I will even get blamed if something is not done! because he did not have the tools to do it! 
We have been trying to get our sex life on track also, but I will be 100% honest, it's hard to be attracted to someone like this.

What do I do?


----------



## fredless (Jun 12, 2011)

go here:

Married Man Sex Life

Buy Athol Kay's book. Give it to your husband and have him read it. Give him the link to the website.


----------



## bunny23 (May 19, 2011)

If he would only read.... but I will try


----------



## fredless (Jun 12, 2011)

bunny23 said:


> If he would only read.... but I will try


You read the book, too. There are certainly things you can do for yourself that might grab help in your relationship.


----------



## joshbjoshb (Jul 11, 2011)

well you should read "the surrendered wife". It is very likely you turned him into this boneless person that he is. (Sorry but this is the truth)


----------



## Entropy3000 (May 11, 2011)

bunny23 said:


> If he would only read.... but I will try


Tuck him into his little bed and read it to him as a bedtime story.

Tell him if he litstens well you will do a sow seductive striptease for him. 

He does need to man-up. I loved Athol's book.
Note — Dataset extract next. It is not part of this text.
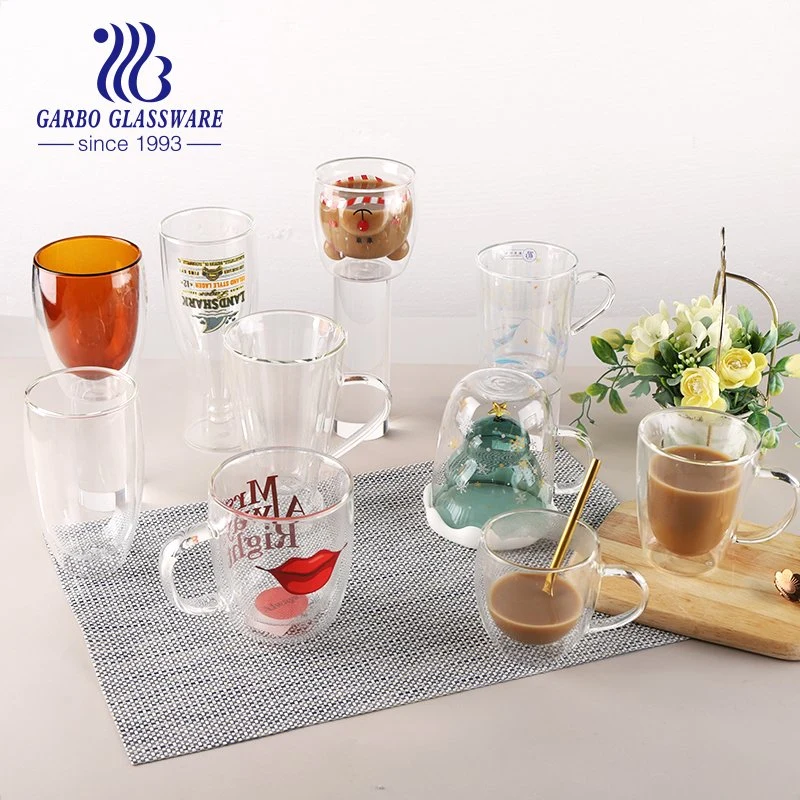 Handmade Borosilicate Glass Cup 255ml Insulated Double Layer Hot Drinks Glassware Straight Shape Customized Tea Coffee Cup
You do have the ability to help him get there.

Good luck


----------



## AFEH (May 18, 2010)

joshbjoshb said:


> well you should read "the surrendered wife". It is very likely you turned him into this boneless person that he is. (Sorry but this is the truth)
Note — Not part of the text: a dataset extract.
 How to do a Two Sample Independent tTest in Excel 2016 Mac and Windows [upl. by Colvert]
That's victim speak. If you believe what you say then surely you believe your character development is totally dependent upon another person and not on your own free will, and that you have surrendered your personal responsibility to another person.


----------



## Lon (Jun 6, 2011)

AFEH said:


> That's victim speak. If you believe what you say then surely you believe your character development is totally dependent upon another person and not on your own free will, and that you have surrendered your personal responsibility to another person.


Yeah, that's where I'm at... My W subtly manipulated my role in the M - she is a woman after all I guess she knew how to toy with my weakness to the point where when I broke she just got bored and moved on like a kitten playing with a dead mouse. I am still man enough to not actually blame it on her, it was my action or inaction that allowed me to submit in that way (I don't even know if W is aware she was doing that and certainly has no ability to actually understand any of this comment if she ever read it), but my feelings still point to her as the cause so now I'm trying to deal with the disconnect between my feelings of being exploited vs the reality of me surrendering my role to her.


----------



## that_girl (Jul 6, 2011)

joshbjoshb said:


> well you should read "the surrendered wife". It is very likely you turned him into this boneless person that he is. (Sorry but this is the truth)
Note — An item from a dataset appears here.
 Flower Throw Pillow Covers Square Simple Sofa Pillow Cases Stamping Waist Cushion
:iagree: I was that wife. I admit it. I have been in healing of myself for a month and my man is manning up on his own.

It's pretty awesome, actually 

I don't think it's victim talk. I think it's 2 people relying on their defense mechanisms that they created as a child...at least for me and my husband. I have been a control freak/jealous person my WHOLE life-- I just didn't realize how crazy my life really was. My husband learned to disassociate and please every one because of his abusive childhood.

We don't blame each other for what happened, but we indirectly caused it on each other.


----------